In the wake of the eruption of white supremacist protests in Charlottesville, and on the last night of our vacation, my brothers and I sat down for Eucharist. We had no idea that the Sunday lectionary would so perfectly speak to the situation we have been facing into as a nation.
With tears in our eyes, we read about the jealousy, fear, and hatred that led Joseph’s brothers to sell him into slavery. And from Paul, we heard one of his many reminders of our common humanity: “there is no distinction between Jew and Greek; the same Lord is Lord of all and is generous to all who call on him.”

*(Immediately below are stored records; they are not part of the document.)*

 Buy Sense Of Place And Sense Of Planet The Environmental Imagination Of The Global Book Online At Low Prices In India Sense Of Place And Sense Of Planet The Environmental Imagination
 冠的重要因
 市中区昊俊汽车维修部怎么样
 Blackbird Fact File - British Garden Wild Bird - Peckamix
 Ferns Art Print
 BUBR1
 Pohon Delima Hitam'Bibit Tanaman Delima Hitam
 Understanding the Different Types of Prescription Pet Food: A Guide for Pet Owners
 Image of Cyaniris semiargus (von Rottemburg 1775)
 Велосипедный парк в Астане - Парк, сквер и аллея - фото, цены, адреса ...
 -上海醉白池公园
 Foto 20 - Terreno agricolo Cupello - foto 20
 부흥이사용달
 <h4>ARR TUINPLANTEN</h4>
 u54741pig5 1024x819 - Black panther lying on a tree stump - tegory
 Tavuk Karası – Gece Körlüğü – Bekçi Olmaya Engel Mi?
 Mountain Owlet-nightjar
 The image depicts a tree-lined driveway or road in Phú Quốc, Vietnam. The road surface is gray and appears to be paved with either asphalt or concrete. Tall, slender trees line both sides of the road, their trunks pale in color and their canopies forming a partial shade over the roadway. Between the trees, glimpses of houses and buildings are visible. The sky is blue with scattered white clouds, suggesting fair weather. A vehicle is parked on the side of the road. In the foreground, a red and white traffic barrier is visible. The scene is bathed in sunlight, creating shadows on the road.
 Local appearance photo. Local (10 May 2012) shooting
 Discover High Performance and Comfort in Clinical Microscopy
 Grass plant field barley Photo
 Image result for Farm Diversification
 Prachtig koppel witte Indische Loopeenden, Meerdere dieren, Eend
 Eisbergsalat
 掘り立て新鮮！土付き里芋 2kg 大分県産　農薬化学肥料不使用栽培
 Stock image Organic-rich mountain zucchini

As we discussed these readings, some very human and very familiar dynamics began to rise to the surface. It was his brothers’ fear and jealousy that led them first to cast Joseph into a pit to starve and then to sell him into slavery. At each point in the story these men not only made peace with evil, but negotiated with it in order to attempt to wash their hands of wrongdoing. Each compromise was a further acquiescence to the darkness inside them.
I have heard it said of Joseph’s slavery that while his brothers may have intended it for evil, God intended it for good. I don’t know about all that. It seems to me that the real miracle in this story isn’t that, in the end, Joseph saves the Israelites from famine. It’s that, despite everything, he is able not only to forgive but truly to love those brothers who sent him off to die in bondage.
This is the hard call of gospel life for all of us in this moment: to make no peace with evil and, at the same time, to recognize the deep pain that haunts the lives of those who choose evil.
White supremacy enslaves every single person in this country. That is not to say that my emotional bondage is comparable to chattel slavery or to the systematic commodification of black and brown people. But it is to say that to the extent I am wed to my so-called superiority as a white person, I am not free. It is also to say that to the extent I am wed to my hatred and fear of those who bow down to the altar of whiteness, I am not free.
Paul continues in Romans:
But how are they to call on one in whom they have not believed? And how are they to believe in one of whom they have never heard? And how are they to hear without someone to proclaim him? And how are they to proclaim him unless they are sent? As it is written, “How beautiful are the feet of those who bring good news!”
It seems to me that Paul was able to bring the good news of God in Christ because he had first suffered that good news in his own life. He knew the pain and the cost of conversion, and so his entire life could tell the story. The same is true of Joseph, who took evil onto his flesh and allowed God to transform it into love.
We are called to do the same: not to fight evil, but to allow God to transform it in and through our lives. And then to go out, and allow that love to radiate the story of God’s redeeming and reconciling work.
For each of us this journey will look different. I only know how I do it, and that’s mostly through allowing God to break my heart open again and again and again. Charlottesville has broken my heart yet again. The fear and the hatred and the jealousy of my white brothers and sisters breaks my heart. The memory of all my black brothers and sisters who died in chains breaks my heart. The knowledge that people I know and love could be stopped and killed because of a traffic violation breaks my heart. And the knowledge that so many, many people, of every skin color, lead lives of desperation and anxiety breaks my heart.
It may seem strange to say it, but only a broken heart can love. And only a broken heart can pray. May God give us such broken hearts. May God transform the evil that oppresses us into a love that unites us.